BRIEF:
Pictures aside, please retype the whole listing word for word.

——————

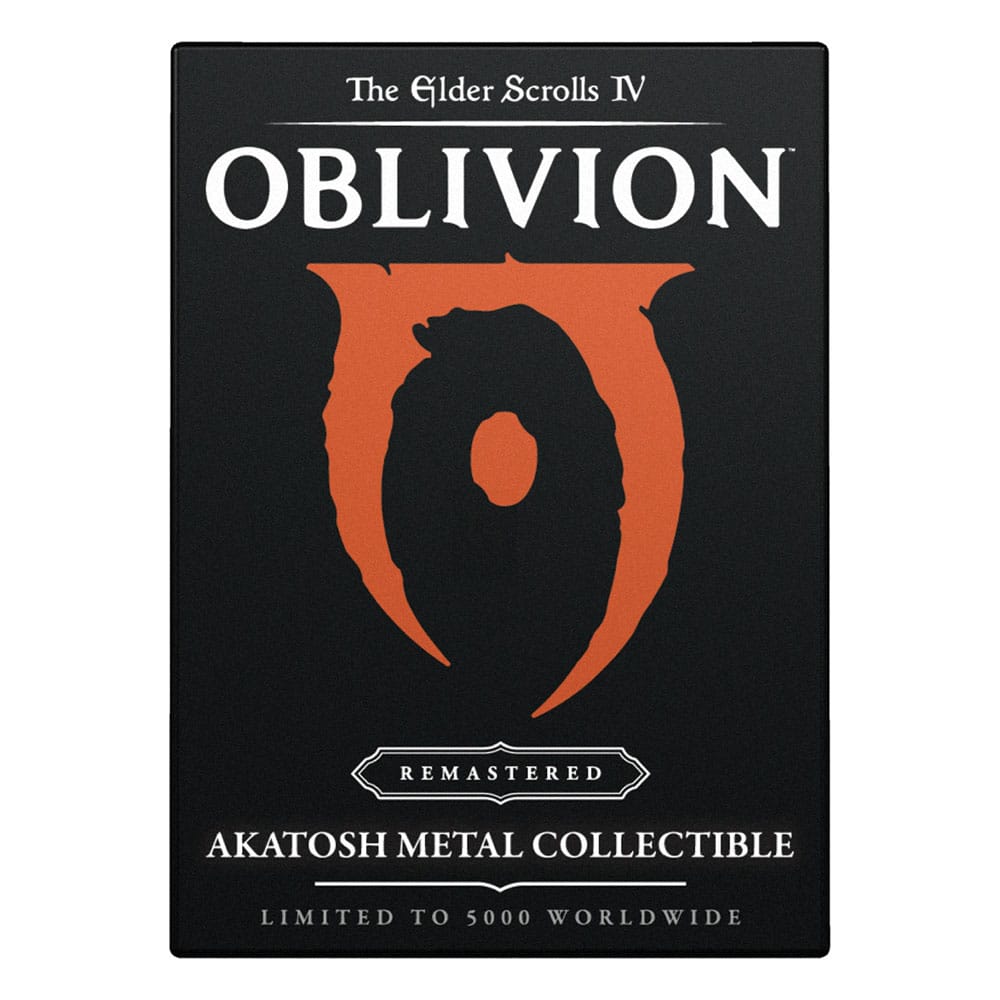 Lingot collector Akatosh – The Elder Scrolls IV: Oblivion, édition limitée à 5000 exemplaires. Métal plaqué nickel noir avec illustration vitrail et présentoir inclus.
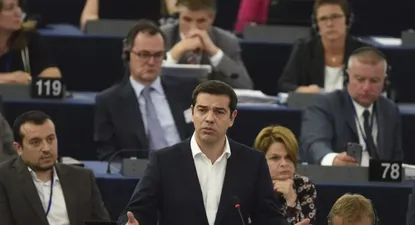 El primer ministro de Grecia, Alexis Tsipras, durante su comparecencia este miércoles en el Parlamento Europeo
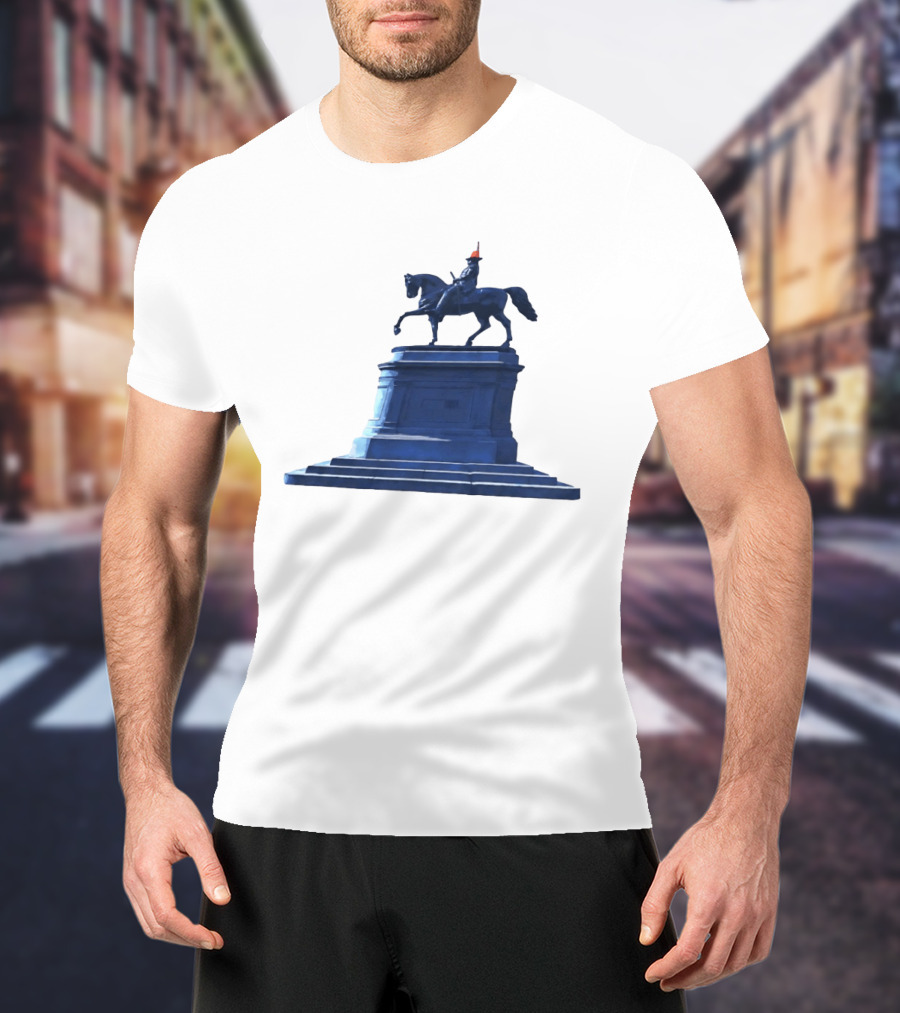 No Scotland No Party Tartan Takeover USA '26 Equestrian Statue With Traffic Cone T-Shirt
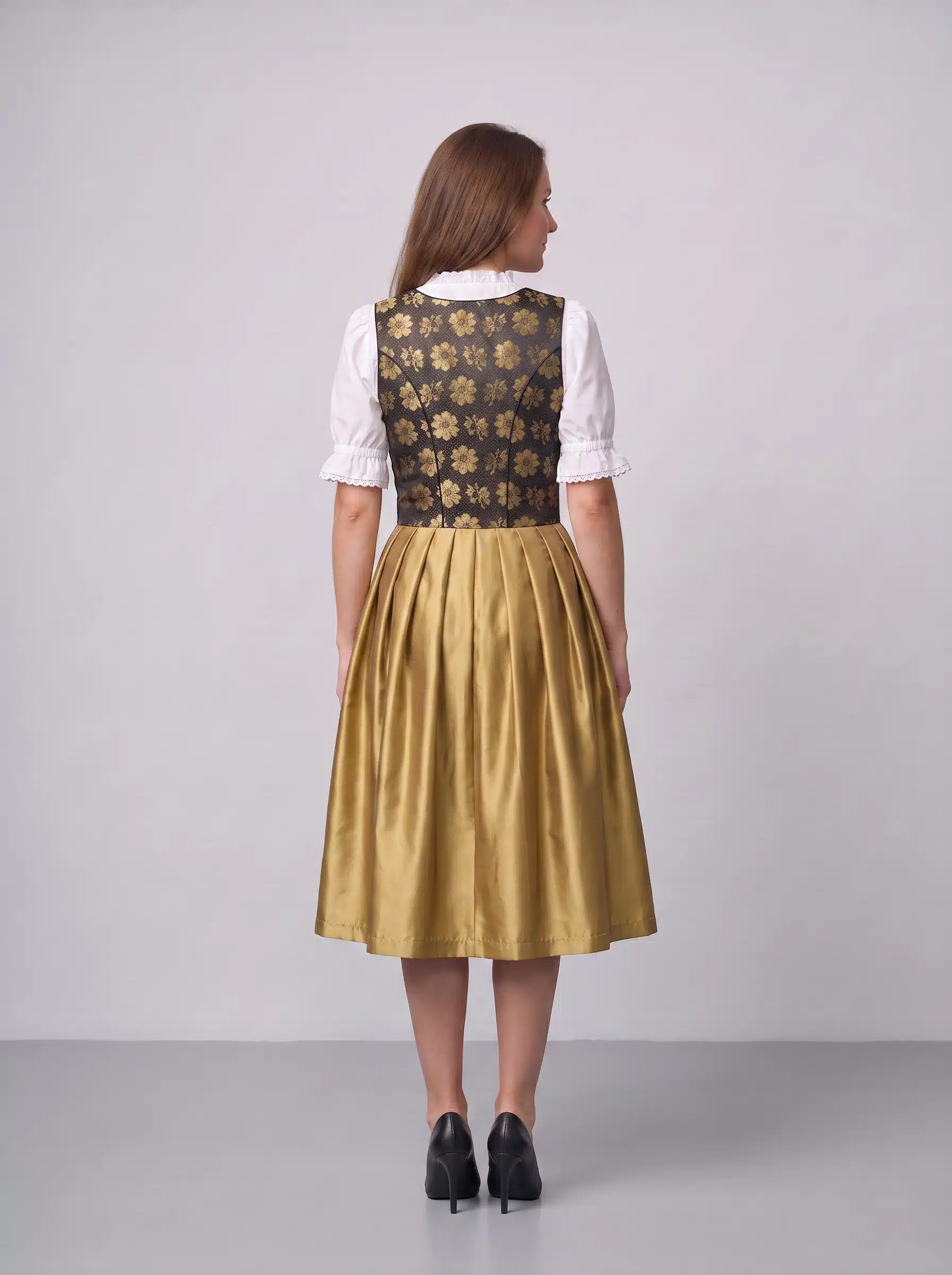 Vintage Midi Dirndl Betsy Black Gold - Image 3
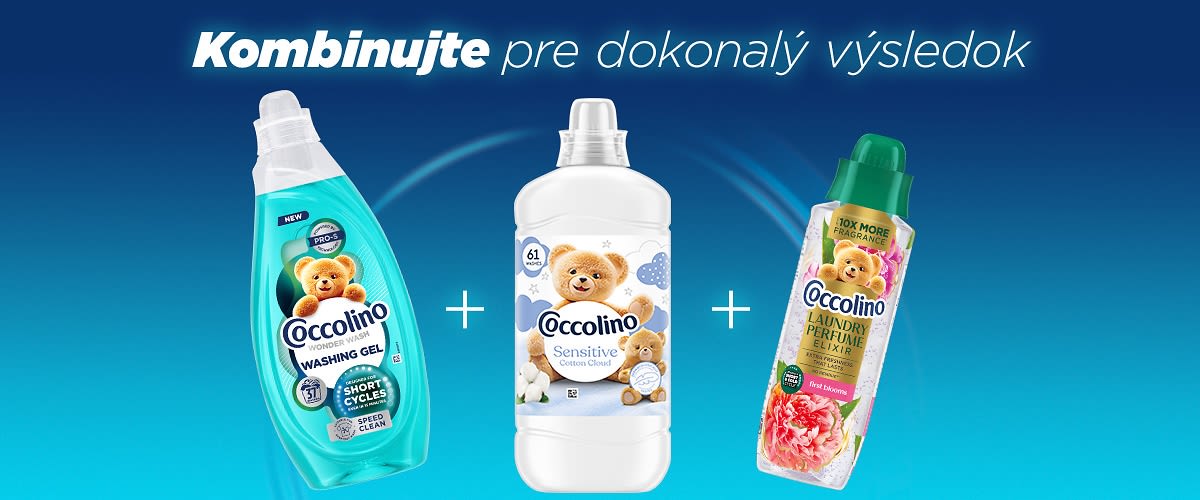 Tri flakóny aviváže značky OcĽino na modrom pozadí s nápisom Kombinujte pre dokonalý výsledok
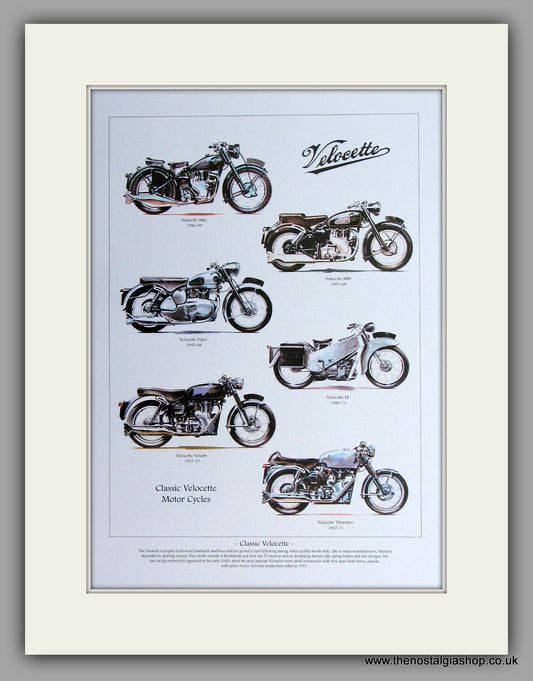 Velocette Classics.  Mounted Print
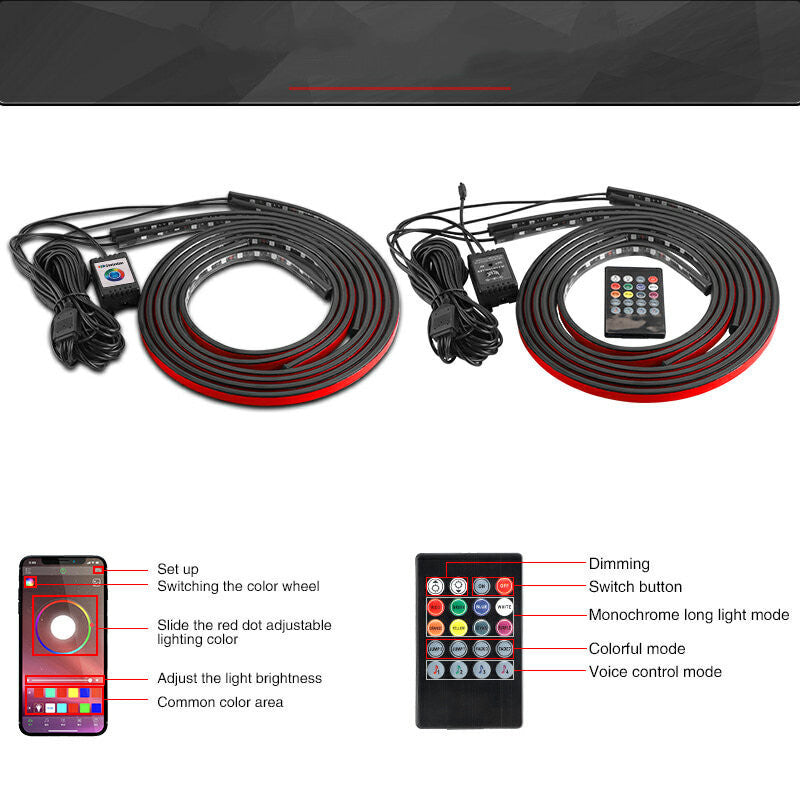 Flag Village Auto Tools Car Remote Control Chassis Light Voice Control APP Colorful Decorative Light Bar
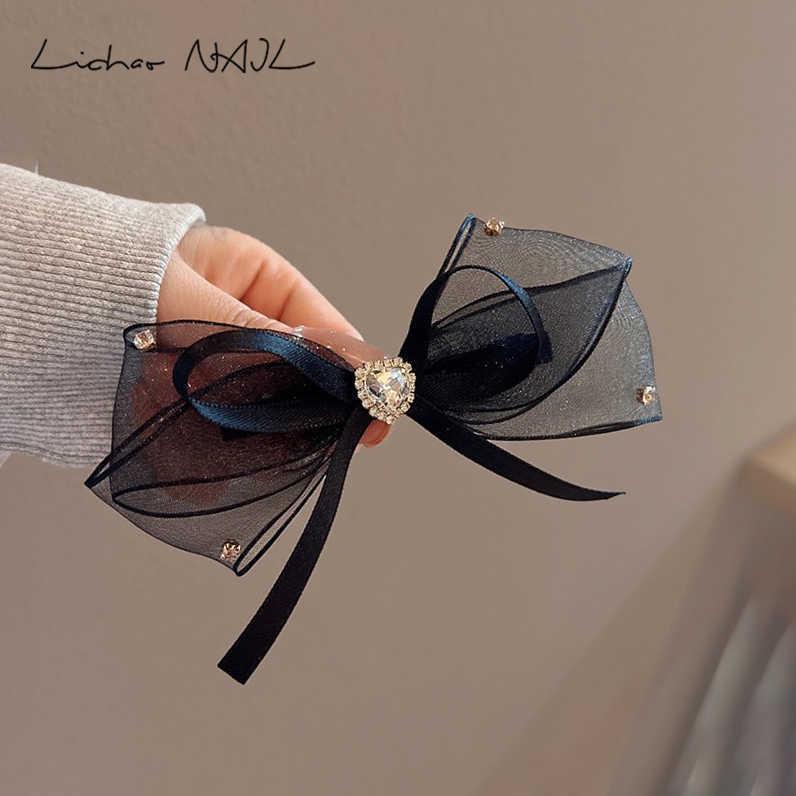 Black Silk Gauze Edge Bow Hair Clip - French Style, Multi-layer, Gentle, Sweet, Versatile Accessory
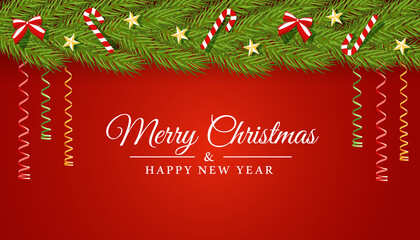 Christmas vector card with a strip of fir branches decorated with stars, serpentine, bow and candys on a red background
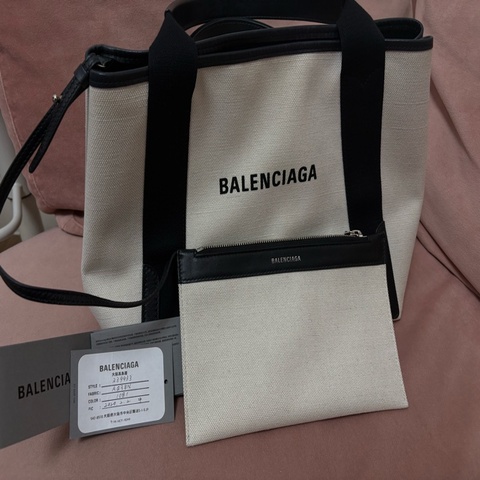 Balenciaga Navy Cabas S 黑白 帆布托特包 附子包 吊牌完整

——————

WRITTEN RESPONSE:
 Lingot collector Akatosh – The Elder Scrolls IV: Oblivion, édition limitée à 5000 exemplaires. Métal plaqué nickel noir avec illustration vitrail et présentoir inclus.
 El primer ministro de Grecia, Alexis Tsipras, durante su comparecencia este miércoles en el Parlamento Europeo
 No Scotland No Party Tartan Takeover USA '26 Equestrian Statue With Traffic Cone T-Shirt
 Vintage Midi Dirndl Betsy Black Gold - Image 3
 Tri flakóny aviváže značky OcĽino na modrom pozadí s nápisom Kombinujte pre dokonalý výsledok
 Velocette Classics.  Mounted Print
 Flag Village Auto Tools Car Remote Control Chassis Light Voice Control APP Colorful Decorative Light Bar
 Black Silk Gauze Edge Bow Hair Clip - French Style, Multi-layer, Gentle, Sweet, Versatile Accessory
 Christmas vector card with a strip of fir branches decorated with stars, serpentine, bow and candys on a red background
 Balenciaga Navy Cabas S 黑白 帆布托特包 附子包 吊牌完整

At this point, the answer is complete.